Токсичные отношения с родителями: как оказать сопротивление властной матери
Токсичные родители не любят своих детей или просто не умеют этого делать? Причин у этого неумения много, но самая очевидная — у таких родителей была своя сложная жизнь, которая вытеснила все доброе, оставив лишь жестокость как способ реакции на окружающий мир. Однако действительно ли за ней скрывается только желание навредить (даже своим детям) и нет места никакой любви? Публикуем отрывок из романа Джулии Каминито «Вода в озере никогда не бывает сладкой» (Дом историй, 2024).
«Вода в озере никогда не бывает сладкой» — роман Джулии Каминито об Италии, которую не принято показывать в фильмах. О матери, на чьи плечи свалилась ответственность за четверых детей и парализованного мужа. О дочери, которой только предстоит выбрать, какая жизнь будет ждать ее впереди.

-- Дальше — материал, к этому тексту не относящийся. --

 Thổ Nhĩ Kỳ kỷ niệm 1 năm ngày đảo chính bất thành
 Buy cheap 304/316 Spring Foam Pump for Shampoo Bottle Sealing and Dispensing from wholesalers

— Ты говорила с профессором по поводу докторантуры? — спрашивает мать, и я вспоминаю узкое лицо того мужчины, очки, сидящие на круглом носу, его руки, то, как он ковырялся пальцем в носу, порылся, вычистил там все, вытащил наружу и принялся заново — искать, копаться, говорить, снова копаться, сказал «нет», проект слишком литературоцентричный, об образе дурака уже столько написано, никому уже нет до этого дела. «Как говорят нелюбимые?» — слабый заголовок, мы все же ведем речь об исследовании, а еще я не знаю немецкого, куда мне? Что я о себе возомнила? Университет — это не пристанище печальных созданий.
— Да, говорила.
— А он что?
— Он, как руководитель, хочет вести себя правильно, поэтому не продвигает своих студенток, говорит, может, мне подойдет Тор Вергата, но без стипендии, — отвечаю я; окно открыто, воздух напоминает мне об университетском дворике, там усталость буквально наваливается на тебя, мухи облепили стены, все неподвижно, спасения нет.
— Без денег никакой докторантуры, я уже говорила, что это они придумали? На что мы жить будем, если ты начнешь работать на них бесплатно?

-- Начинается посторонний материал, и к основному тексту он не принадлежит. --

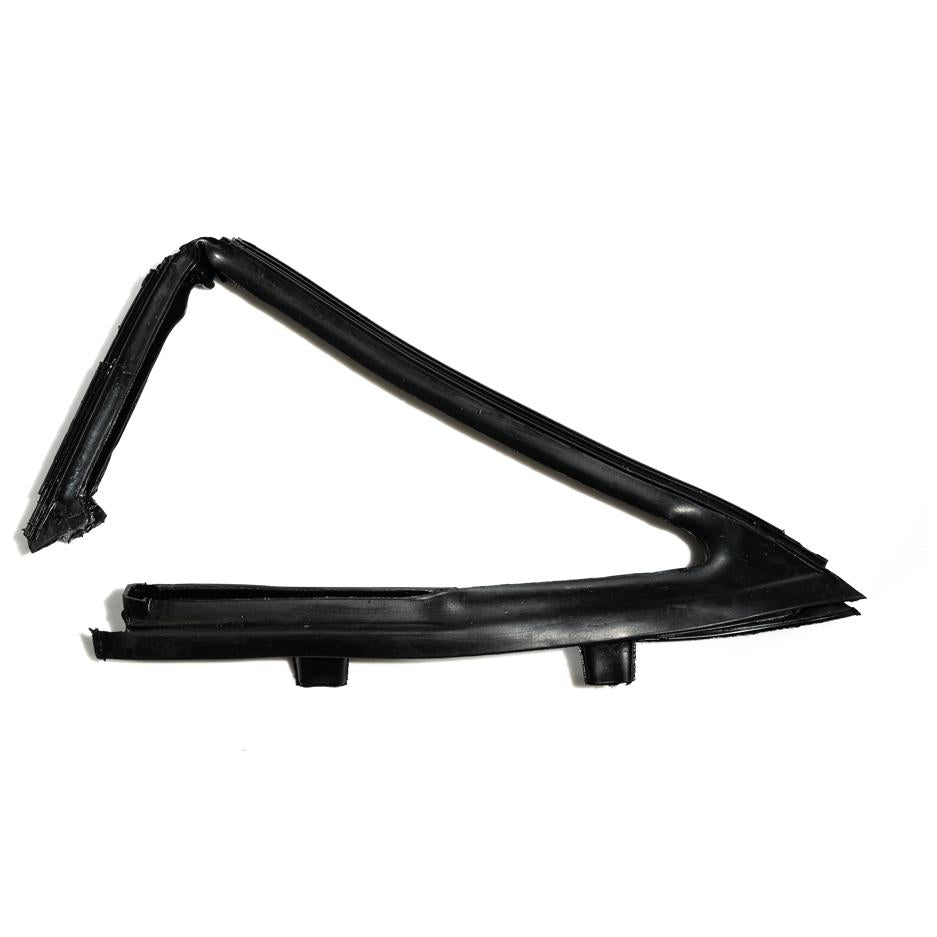 Borracha do Quebra-vento - Uniflex - 38011 - (1)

Мать говорит тоном, подходящим для митингов, для стачек, в нем слышатся укор, отзвуки классовой борьбы; артишоки падают в раковину, она заливает их водой; соседи слушают латиноамериканскую музыку и, быть может, подпевают; мой отец смотрит «Дерзких и красивых» и ждет, когда на Пятом канале начнется «Торговый центр», телевизор наполняет легкие Массимо своим свежим воздухом, жизненно необходимым кислородом: тут блестящие светлые волосы, рукава-буфы, восставшие из мертвых, раскрытые измены, токсичные матери, опасные матери, молчание влюбленных…

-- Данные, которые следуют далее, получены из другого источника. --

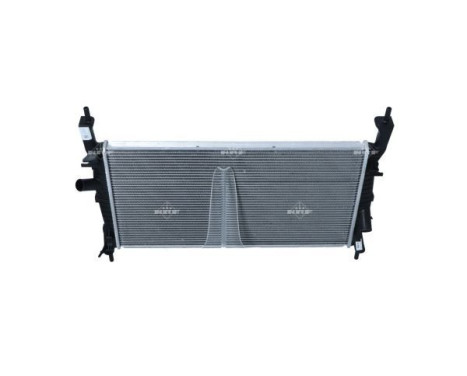 Radiator, engine cooling EASY FIT, Image 3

— Мам, только не начинай, пожалуйста.
— А кто начнет, если не я? Тебе предлагают только места без стипендии, и это спустя столько лет, мы в лепешку расшибались, чтобы ты учиться могла, и теперь все твои оценки и знания никому не нужны… Тор Вергата, говоришь? Мне стоит самой поговорить с этим профессором.
— Мне уже не двенадцать, я сама со всеми поговорила.
— Поговорила, но не так, как надо, иначе он бы нас так не подвел, он разве не главный в этом университете? И советует тебе податься в другой университет? Если он сам не хочет брать под руководство своих студентов, то кто это сделает за него? Кто? Дух святой?
— Ох, ладно, — не сдерживаюсь я.
— Ничего не ладно, тогда тебе надо нужно пройти переподготовку и пойти работать в школе, спроси, узнай, что там и как.
— Я не сдавала нужные предметы.
— Что это значит?
— У меня нет в дипломе нужных предметов, например истории.
— И почему?
— Потому что мне это неинтересно, я не хочу их преподавать, ма.
— Ты издеваешься, что ли? С ума сбрендила?
Антония откладывает овощи и рецепты, бросает открытые пакеты с продуктами, близнецы еще в школе, но скоро вернутся, увидят, что обед еще не готов, и будут безропотно ждать, будут о чем-то шептаться, рассказывать друг другу тайны, о которых никто, кроме них, не должен узнать.
— Я бы самой себе не доверила детей, даже если бы все остальные учителя умерли во время войны, — заявляю я и перестаю качаться на стуле, стучу ногой по полу — раз, два, три, — ступня звонко шлепает, сбивает ритм наших препирательств.